A persistência dos alagamentos e das chuvas, com direito a ciclone e geada, pinta um cenário em que, mais de um mês após o início da maior tragédia climática do Rio Grande do Sul (RS), ainda não é possível ver seu fim. A gestão do desastre, no entanto, faz a transição para uma nova etapa. Com verbas bilionárias e em ano eleitoral, a reconstrução do estado gaúcho já está em andamento, mas tem ainda a disputa dos seus rumos em aberto.
“Essa é a dramaticidade do momento que a gente está vivendo”, resume Tarson Núñez, cientista político, ativista e pesquisador do Observatório das Metrópoles no Rio Grande do Sul.

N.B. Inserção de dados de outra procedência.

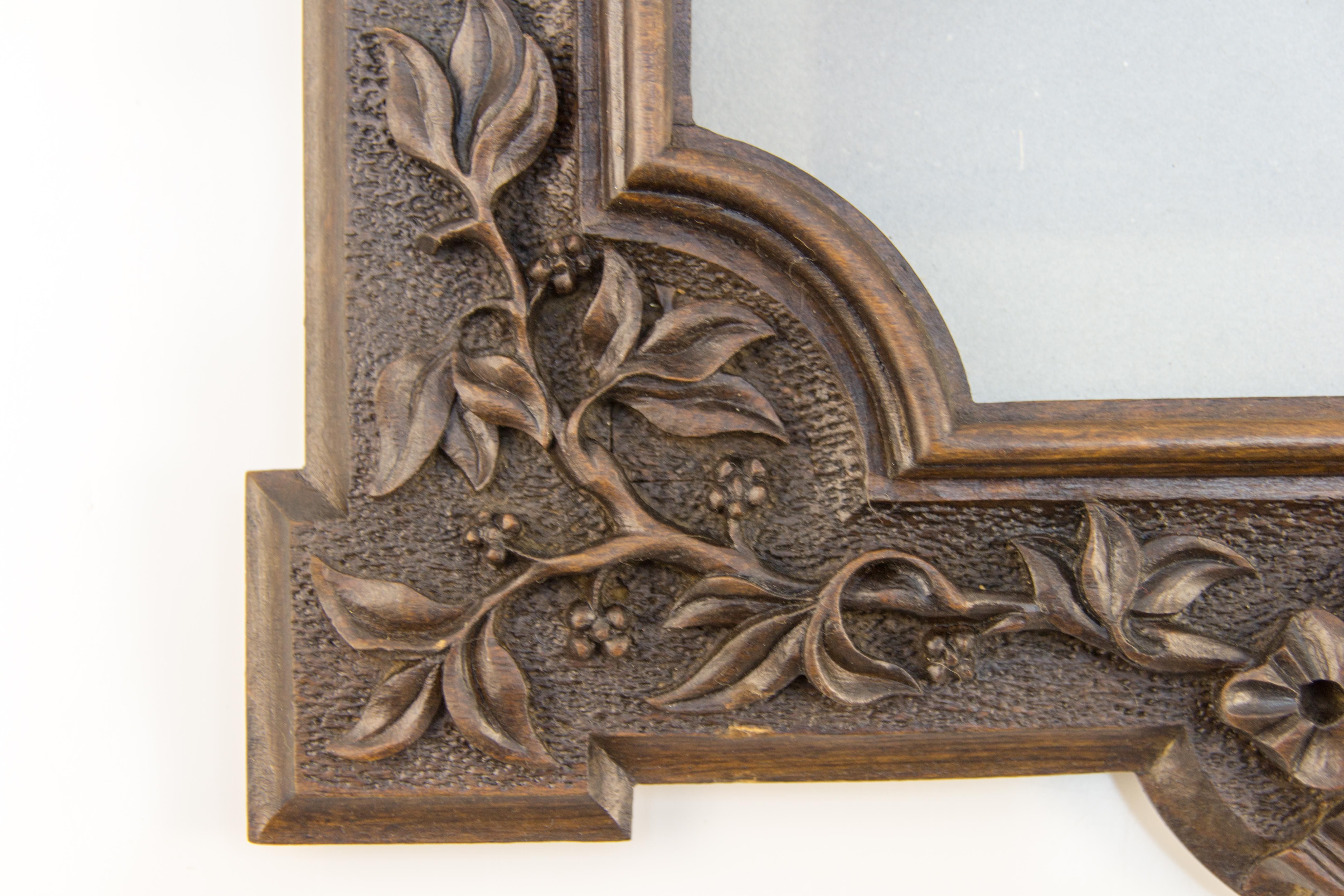 French Carved Wood Picture Frame or Photo Frame, 1920s 4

“Porque governos e setores privados já têm a receita pronta, os instrumentos na mão e só precisam botar a mão no dinheiro, que já está disponível”, avalia Núñez. “É urgente que setores acadêmicos e populares pensemos o que queremos com essa reconstrução”, defende.
Em uma estimativa inicial, o governo do RS avaliou que precisará de R$ 19 bilhões para a reconstrução do estado. Ao GZH, especialistas como o economista Luís Otávio Leal e o consultor Claudio Frischtak falam de cifras ainda maiores, entre R$ 85 bilhões e R$ 90 bilhões.
No seu primeiro pacote de medidas, o governo Lula (PT) anunciou uma injeção de R$ 50,9 bilhões no RS, especialmente com linhas de crédito a juros baixos e adiamento do recolhimento de impostos. No Congresso Nacional, o presidente do Senado, Rodrigo Pacheco (PSD), defende a aprovação de um “orçamento de guerra”, com regras fiscais flexibilizadas.
“Capitalismo de desastre”
Para Victor Marchezini, sociólogo e professor do Centro de Monitoramento e Alertas de Desastres Naturais (Cemaden), o “capitalismo de desastre se manifestou em Porto Alegre”.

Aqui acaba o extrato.